- [ABOUT THIS EXERCISE] All of the data below should be written out exactly.

- [Scraped caption text data]

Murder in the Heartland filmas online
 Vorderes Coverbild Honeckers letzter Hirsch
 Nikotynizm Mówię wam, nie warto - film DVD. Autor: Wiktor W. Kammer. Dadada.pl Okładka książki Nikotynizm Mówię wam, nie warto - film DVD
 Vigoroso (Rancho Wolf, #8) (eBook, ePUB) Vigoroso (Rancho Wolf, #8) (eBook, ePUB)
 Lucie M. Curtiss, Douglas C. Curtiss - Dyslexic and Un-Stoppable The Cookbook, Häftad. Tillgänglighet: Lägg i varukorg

- [OUTPUT OF THE EXERCISE]
Murder in the Heartland filmas online
 Vorderes Coverbild Honeckers letzter Hirsch
 Nikotynizm Mówię wam, nie warto - film DVD. Autor: Wiktor W. Kammer. Dadada.pl Okładka książki Nikotynizm Mówię wam, nie warto - film DVD
 Vigoroso (Rancho Wolf, #8) (eBook, ePUB) Vigoroso (Rancho Wolf, #8) (eBook, ePUB)
 Lucie M. Curtiss, Douglas C. Curtiss - Dyslexic and Un-Stoppable The Cookbook, Häftad. Tillgänglighet: Lägg i varukorg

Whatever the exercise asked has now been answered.